I think we are effectively saying the same thing, but you also found a bug in VE's encoding. VE doesn't need to match Parsoid's encoding, just that it should properly encode HTML comments. If it turns out that it matches Parsoid's encoding, well and good. We should separately investigate if there is a problem in Parsoid's dom-diff algo when it comes to content embedded in data-mw attributes.

Well, there's no reason not to match Parsoid's encoding, and matching Parsoid's encoding would eliminate this bug. So I'm suggesting that the revert patch above should be applied to close this bug, then we can separately open a task for "more flexible dom-diff algorithm" if/when necessary. But that would (presumably) be a low priority issue once this regression is fixed.

Well, there's no reason not to match Parsoid's encoding, and matching Parsoid's encoding would eliminate this bug. So I'm suggesting that the revert patch above should be applied to close this bug, then we can separately open a task for "more flexible dom-diff algorithm" if/when necessary.

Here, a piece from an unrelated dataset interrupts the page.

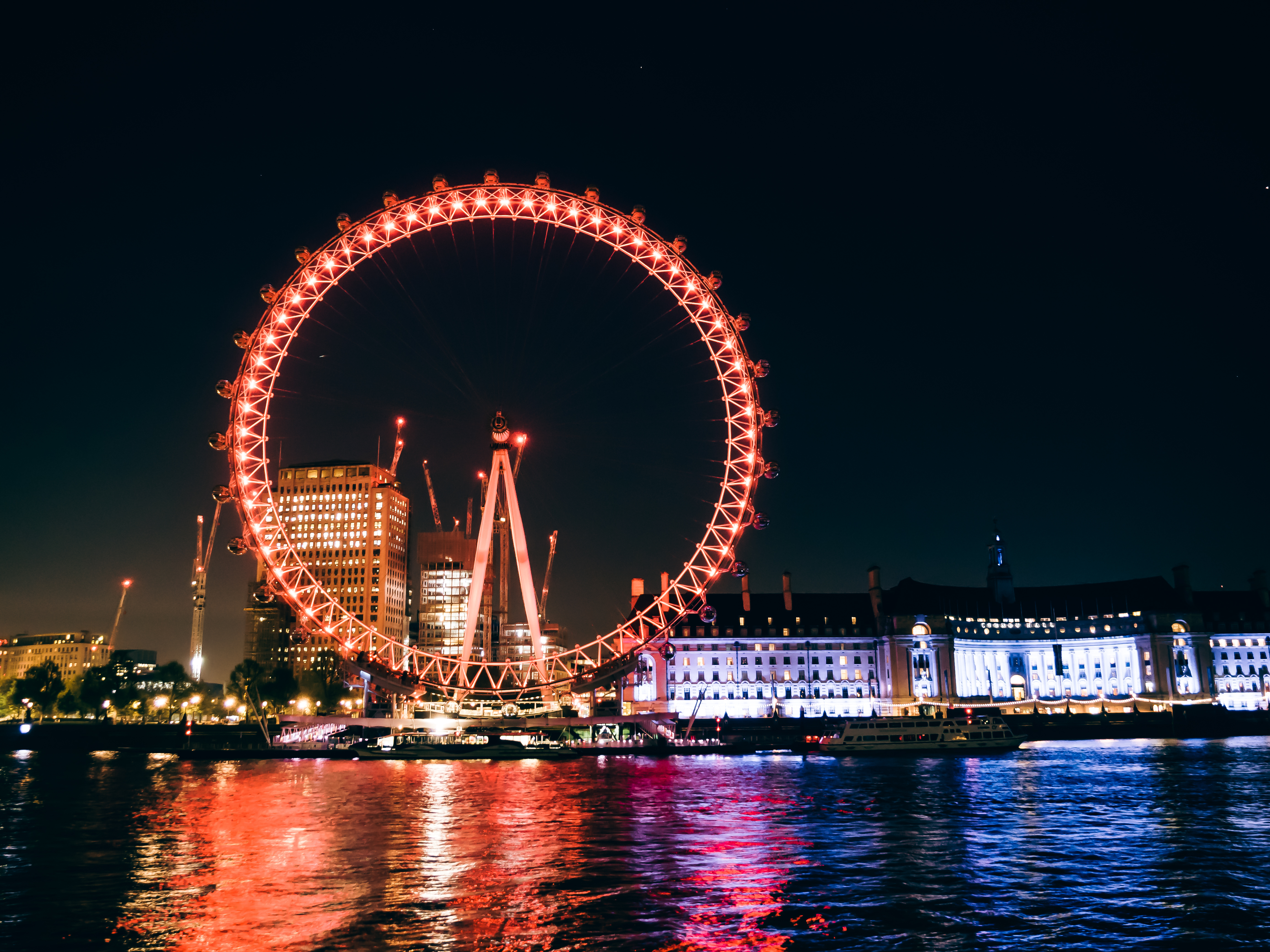 London Eye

But that would (presumably) be a low priority issue once this regression is fixed.

Works for me.

Change 587363 merged by jenkins-bot:
[VisualEditor/VisualEditor@master] Match entity encoding in HTML comments to Parsoid

https://gerrit.wikimedia.org/r/587363

Change 588429 had a related patch set uploaded (by Jforrester; owner: Jforrester):
[mediawiki/extensions/VisualEditor@master] Update VE core submodule to master (0217e5819)

https://gerrit.wikimedia.org/r/588429

Change 588429 merged by jenkins-bot:
[mediawiki/extensions/VisualEditor@master] Update VE core submodule to master (0217e5819)

https://gerrit.wikimedia.org/r/588429